The equipment might have been 50 or even 150 years old. It had been painted, stripped, and repainted many times. In between paintings it had sometimes rusted, and it was now mostly ignored. As a result, the ancient steel castings were taking on the look of organic things.
Up close, I thought, they seemed a mystery of the stone age. I had brought a set of close-up lenses (sometimes called "diopters") as I wanted to get in closer than my macro lens permitted. At some point I need to compare the results through these lenses with results through extension tubes. Close-up lenses are far easier to manipulate.
A number of experiments suggested a single +4 diopter lens would get me in to where I thought I should be to make the most of the textures. I took a number of shots around the pin that attaches a crank handle to a heavy rod. I moved on to gears nearby but quickly concluded I wasn't feeling it and moved on.

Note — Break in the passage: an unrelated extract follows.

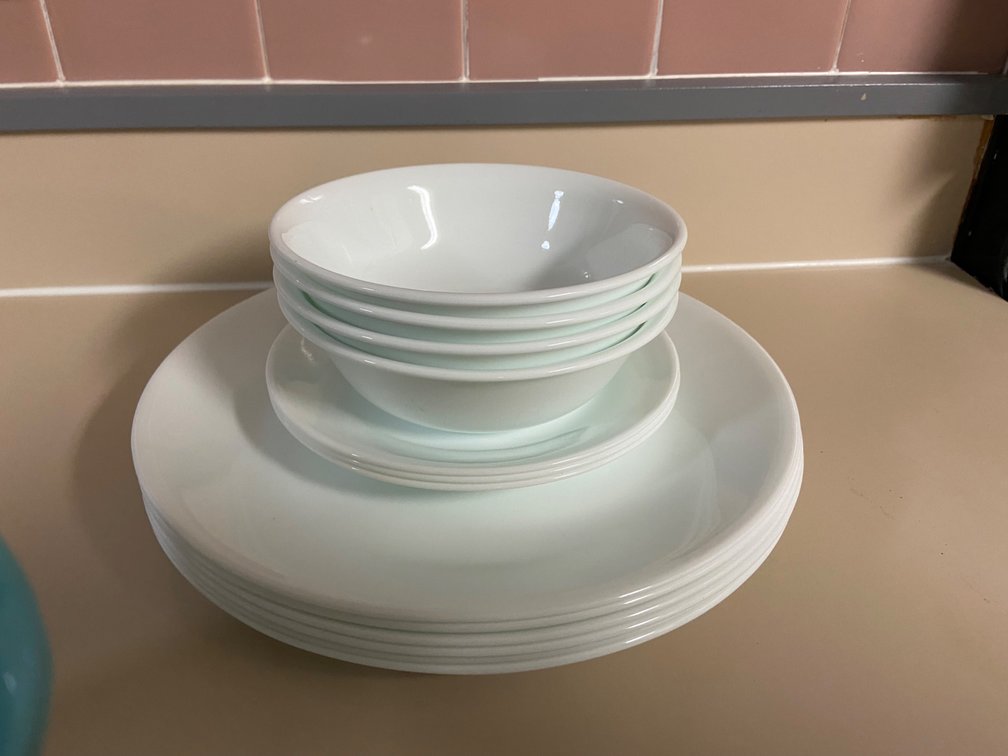 Correl set White dishes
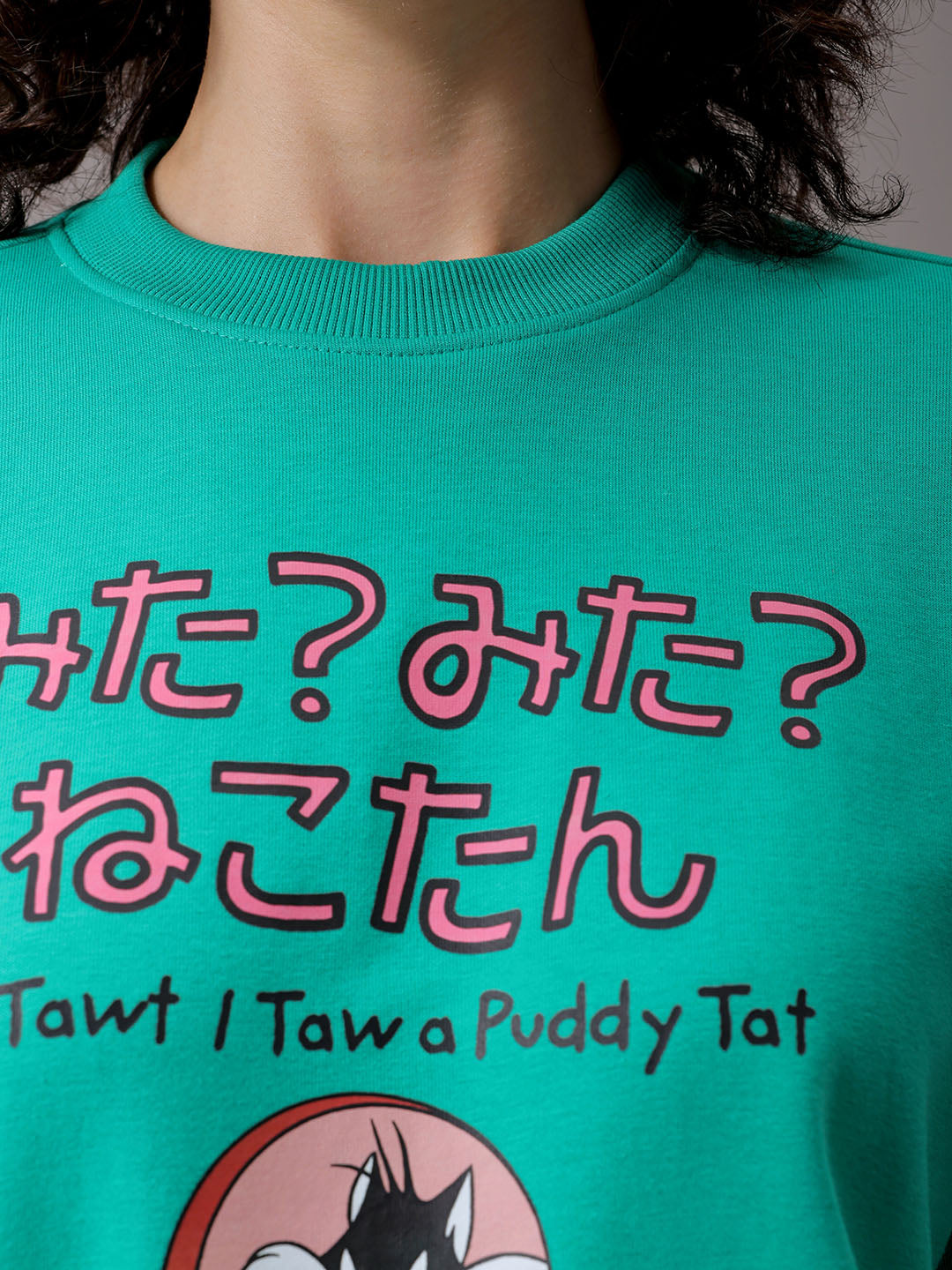 Women's Green Boxy Fit Looney Tunes Long Sweatshirt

The sluice gates were hidden out of site, but there must be 6 of them, each operated by a nearly identical set of wheels and gears. The sets were lined up, and, in addition to close-ups, I was interested in creating compositions that played on the repetitions. The framing possibilities seemed infinite, and I explored a number of angles, heights, and distances through my 103mm macro lens. In some of the deeper shots I explored leading the eye to indistinctness by limiting depth of field. The more I shot, the more I became aware of the shadows and opportunities to lead the eye to silhouettes. The use of these shadows in compositions is worthy of further exploration.